(Data entries)
##########

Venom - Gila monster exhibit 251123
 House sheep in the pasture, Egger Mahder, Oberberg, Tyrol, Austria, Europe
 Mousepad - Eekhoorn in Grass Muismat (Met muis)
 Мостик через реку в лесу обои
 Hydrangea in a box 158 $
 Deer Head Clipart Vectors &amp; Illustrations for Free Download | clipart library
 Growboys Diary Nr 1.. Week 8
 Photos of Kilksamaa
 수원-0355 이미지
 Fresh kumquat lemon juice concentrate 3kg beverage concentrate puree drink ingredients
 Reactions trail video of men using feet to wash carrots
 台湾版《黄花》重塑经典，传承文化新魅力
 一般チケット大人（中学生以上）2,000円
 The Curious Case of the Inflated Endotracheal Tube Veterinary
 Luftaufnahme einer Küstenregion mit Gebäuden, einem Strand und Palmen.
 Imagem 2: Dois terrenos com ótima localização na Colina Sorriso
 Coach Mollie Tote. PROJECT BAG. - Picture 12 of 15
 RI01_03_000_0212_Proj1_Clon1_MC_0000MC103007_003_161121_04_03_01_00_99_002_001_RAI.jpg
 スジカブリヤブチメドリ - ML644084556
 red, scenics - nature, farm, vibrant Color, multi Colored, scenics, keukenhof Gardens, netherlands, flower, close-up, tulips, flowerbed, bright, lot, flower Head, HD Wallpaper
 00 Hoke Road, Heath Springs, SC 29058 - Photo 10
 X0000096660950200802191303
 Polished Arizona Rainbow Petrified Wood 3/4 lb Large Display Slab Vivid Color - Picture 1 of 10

##########

■ Your instructions ■
When a line contains the string "Color", copy it from the records.

■ Result ■
 red, scenics - nature, farm, vibrant Color, multi Colored, scenics, keukenhof Gardens, netherlands, flower, close-up, tulips, flowerbed, bright, lot, flower Head, HD Wallpaper
 Polished Arizona Rainbow Petrified Wood 3/4 lb Large Display Slab Vivid Color - Picture 1 of 10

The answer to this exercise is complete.